Generally, a DLL circuit is used for synchronizing an internal clock distributed in a semiconductor memory device and an external clock from chipset. That is, when the external clock is used in the chip, timing skew occurs. The DLL circuit synchronizes the internal clock and the external clock by controlling the time-delay step in the variable delay line.
FIG. 1 is a block diagram showing a conventional delay locked loop (DLL) circuit.
The conventional DLL circuit includes a delay modeling unit 110, a phase detector 120, a counter and a decoder 130 and a digital delay line 140.
The delay modeling unit 110 is a replica path (tAC path) from input clock to output. The phase detector 120 compares the phase of the feedback clock with the external clock, and generates a shift-indicate signal. The counter and the decoder 130 generate a shift-control signal in order to control an amount of delay according to the former signal. The digital delay line 140 has a variable delay according to the shift-control signal, and outputs the skew-compensated clock to the delay modeling unit 110.

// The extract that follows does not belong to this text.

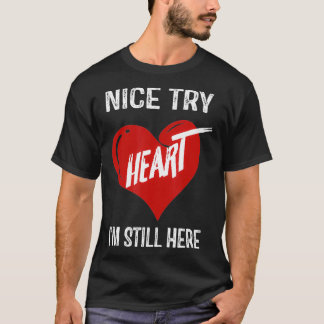 T-shirt Nice Essayer Coeur Je Suis Encore Ici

In the case of manufacturing the DDR SDRAM which is used for both a main memory and a graphic memory with the conventional DLL circuit, the DDR SDRAM has to be manufactured by using different manufacturing processes or test programs according to the applications of DDR SDRAM""s, since a main memory or a graphic memory has a different clock speed and requires a different logic scheme.
Generally, a fuse or an anti-fuse is equipped with the DDR SDRAM in order to decide the applications of DDR SDRAM; whether it is used for a main memory or a graphic memory. The fuse has to be cut at a wafer level, while the anti-fuse is used after a binning process at a package level. The conventional methods of manufacturing a memory device mentioned above have several disadvantages. At first, a considerable amount of yield loss occurs at the wafer level. Secondly, it takes long time to program the anti-fuse at the package level. Finally, the fuse must be completely disconnected for reducing the yield loss.
Therefore, the conventional methods are very complicate to manage the manufacturing process and a great deal of manufacturing cost is needed.
It is, therefore, a primary object of the present invention to provide a new DLL circuit which is interoperable with different applications of those products by controlling the counter of the DLL circuit according to the clock frequency of each product.
In accordance with one aspect of the present invention, there is provided a DLL circuit including: a clock buffer for receiving an external clock signal and outputting the external clock signal; a first frequency divider for receiving the external clock signal and dividing the external clock frequency according to a dividing control signal; a phase detector for receiving the divided clock signal from the first frequency divider and the external signal from the clock buffer, detecting phase delay of two signals, generating a first comparison signal and a second comparison signal and generating a sample clock signal in order to perform sampling of the second comparison signal; a DLL controller for receiving the sample clock signal and the second comparison signal from the phase detector, outputting a dividing control signal at a second logic level in a high speed operation and outputting a dividing control signal at a first logic level in a low speed operation by analyzing the sample clock signal and the second comparison signal; a delay line for receiving the external clock signal from the clock buffer and the first comparison signal and the second comparison signal from the phase detector, performing shifting of the external clock signal to the left or right according to the first comparison signal and the second comparison signal, and outputting an internal clock signal; a second frequency divider for receiving the internal clock signal from the delay line and dividing the internal clock signal according to the dividing control signal; and a replica unit for receiving the divided internal signal from the second frequency divider, compensating the time delay between the external clock and the internal clock and generating the compensation clock signal.